4. Создать правовой механизм применения п. 1 ч. 1 ст. 10 (согласно которому для пресечения международной террористической деятельности допускается применение вооружения с территории Российской Федерации против находящихся за ее пределами террористов и (или) их баз) путем включения определения «международная террористическая деятельность» в дефиниционный ряд ст. 3 Федерального закона до подписания международно-правовых соглашений, позволяющих принимать и реализовывать такие решения без опасения осложнений международной обстановки. 5. В Законе оптимально выделена только такая мера правового реагирования, как ликвидация организации, признанной террористической по решению суда. Предлагается предусмотреть в Законе от 6 марта 2006 г. такое правовое средство, как приостановление деятельности организации до решения вопроса о ее ликвидации, как предусмотрено в ст. 10 Федерального закона «О противодействии экстремистской деятельности». Однако эта организация исповедует не просто крайние, насильственные, но и вооруженные формы воздействия через население на власть, сопряженные с совершением особо тяжких преступлений, и противодействовать им следует адекватно жестко.
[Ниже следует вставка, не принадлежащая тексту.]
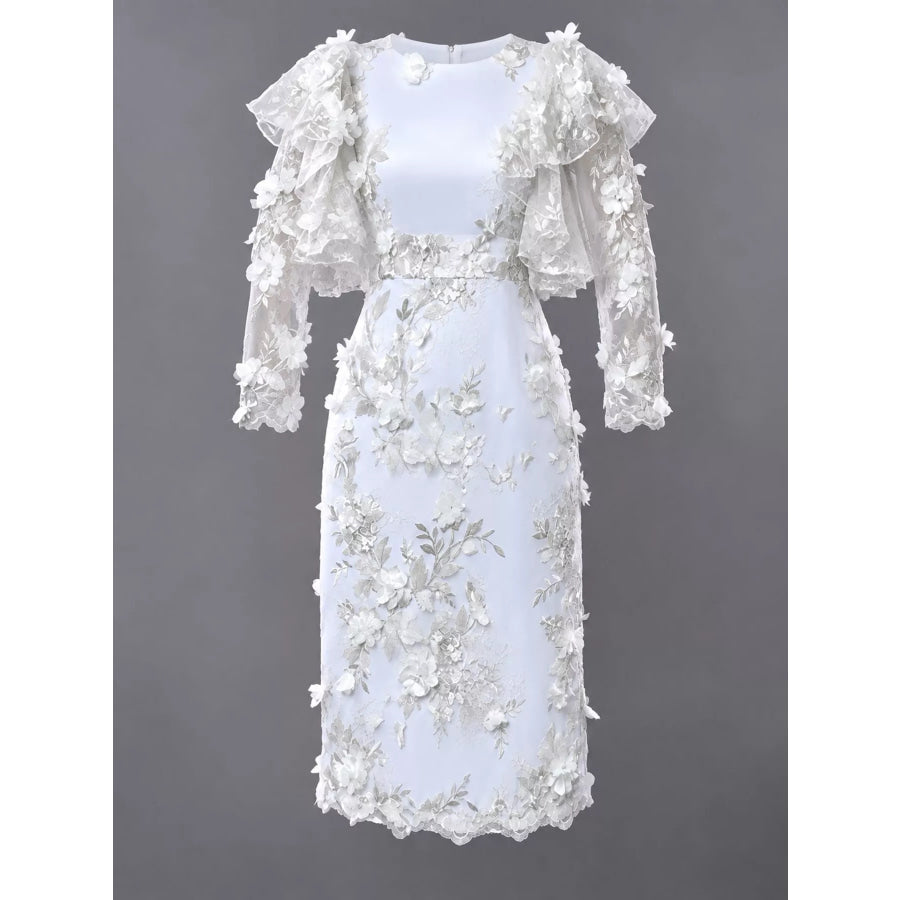Plus Size Floral Embroidered Sheer Ruffle Sleeve Midi Dress Apparel and Accessories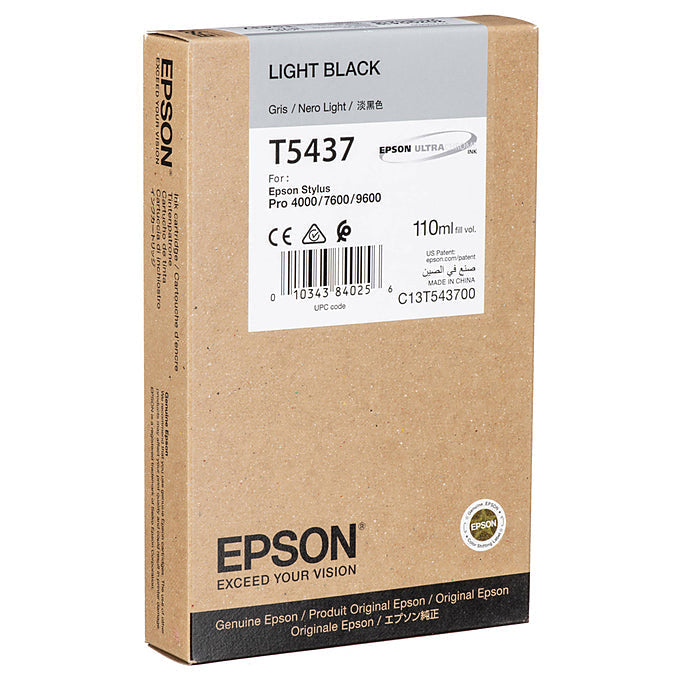New, Pre-Owned - Epson T543700 110ml Light Black Ink Cartridge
Следует исключить из перечня преступлений, предусмотренных ч. 2 ст. 24 Федерального закона «О противодействии терроризму», указание на такие статьи, как 278, 279, 280, 282.1, 282.2 УК РФ. В нынешней редакции ч. 2 ст. 24 находится в коллизии как с правовыми предписаниями федеральных законов о противодействии терроризму 2006 г., о противодействии экстремистской деятельности 2002 г., так и с положениями ратифицированных Россией международных конвенций. 6. Современная система правового обеспечения и практической реализации контртеррористической деятельности государства должна, по мнению руководителей силовых структур, носить асимметричный <4> и в чем-то наступательно-упреждающий <5> характер. ——————————— <4> См.: Иванов против Бен Ладена. Российский вице-премьер нашел асимметричный ответ терроризму // Российская газета. 2007. 12 фев. <5> См.: Горбунов Ю. С. К вопросу о правовом регулировании противодействия терроризму // Журнал российского права. 2007. N 2.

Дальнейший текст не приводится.